#### TASK DESCRIPTION
Starting with the line containing "脑子急转弯：戈壁中最罕见的东西是甚么？" and going on through the line containing "structure, CAS 2097882-86-3", return the lines of the data below exactly, and only those.

#### DATA IN THIS EXERCISE
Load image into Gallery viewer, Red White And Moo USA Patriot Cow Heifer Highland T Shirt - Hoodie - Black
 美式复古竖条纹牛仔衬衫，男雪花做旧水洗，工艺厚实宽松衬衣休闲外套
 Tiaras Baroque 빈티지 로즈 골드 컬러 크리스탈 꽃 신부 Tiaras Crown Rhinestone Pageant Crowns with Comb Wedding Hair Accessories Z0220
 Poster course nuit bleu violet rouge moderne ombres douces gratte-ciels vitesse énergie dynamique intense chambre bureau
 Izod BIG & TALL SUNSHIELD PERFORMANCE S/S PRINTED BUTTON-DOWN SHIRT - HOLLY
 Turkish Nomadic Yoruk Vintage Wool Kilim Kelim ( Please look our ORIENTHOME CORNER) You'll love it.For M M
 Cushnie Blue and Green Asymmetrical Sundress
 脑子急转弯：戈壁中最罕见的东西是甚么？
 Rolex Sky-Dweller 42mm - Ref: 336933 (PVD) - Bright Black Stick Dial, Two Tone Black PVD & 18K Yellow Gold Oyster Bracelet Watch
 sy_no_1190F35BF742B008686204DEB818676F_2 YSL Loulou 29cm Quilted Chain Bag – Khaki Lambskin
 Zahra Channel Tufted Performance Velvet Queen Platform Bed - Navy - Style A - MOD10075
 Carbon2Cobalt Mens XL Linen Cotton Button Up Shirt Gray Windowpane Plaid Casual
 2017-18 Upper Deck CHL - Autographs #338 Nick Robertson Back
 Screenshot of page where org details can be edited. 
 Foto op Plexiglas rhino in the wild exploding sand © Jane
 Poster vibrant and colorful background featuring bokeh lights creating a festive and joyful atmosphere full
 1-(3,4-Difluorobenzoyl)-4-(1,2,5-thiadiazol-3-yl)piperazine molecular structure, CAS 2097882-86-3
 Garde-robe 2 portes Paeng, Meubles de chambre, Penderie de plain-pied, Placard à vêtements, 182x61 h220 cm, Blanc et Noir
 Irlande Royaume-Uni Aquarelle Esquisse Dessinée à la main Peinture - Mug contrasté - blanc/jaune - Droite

#### EXERCISE SOLUTION
 脑子急转弯：戈壁中最罕见的东西是甚么？
 Rolex Sky-Dweller 42mm - Ref: 336933 (PVD) - Bright Black Stick Dial, Two Tone Black PVD & 18K Yellow Gold Oyster Bracelet Watch
 sy_no_1190F35BF742B008686204DEB818676F_2 YSL Loulou 29cm Quilted Chain Bag – Khaki Lambskin
 Zahra Channel Tufted Performance Velvet Queen Platform Bed - Navy - Style A - MOD10075
 Carbon2Cobalt Mens XL Linen Cotton Button Up Shirt Gray Windowpane Plaid Casual
 2017-18 Upper Deck CHL - Autographs #338 Nick Robertson Back
 Screenshot of page where org details can be edited. 
 Foto op Plexiglas rhino in the wild exploding sand © Jane
 Poster vibrant and colorful background featuring bokeh lights creating a festive and joyful atmosphere full
 1-(3,4-Difluorobenzoyl)-4-(1,2,5-thiadiazol-3-yl)piperazine molecular structure, CAS 2097882-86-3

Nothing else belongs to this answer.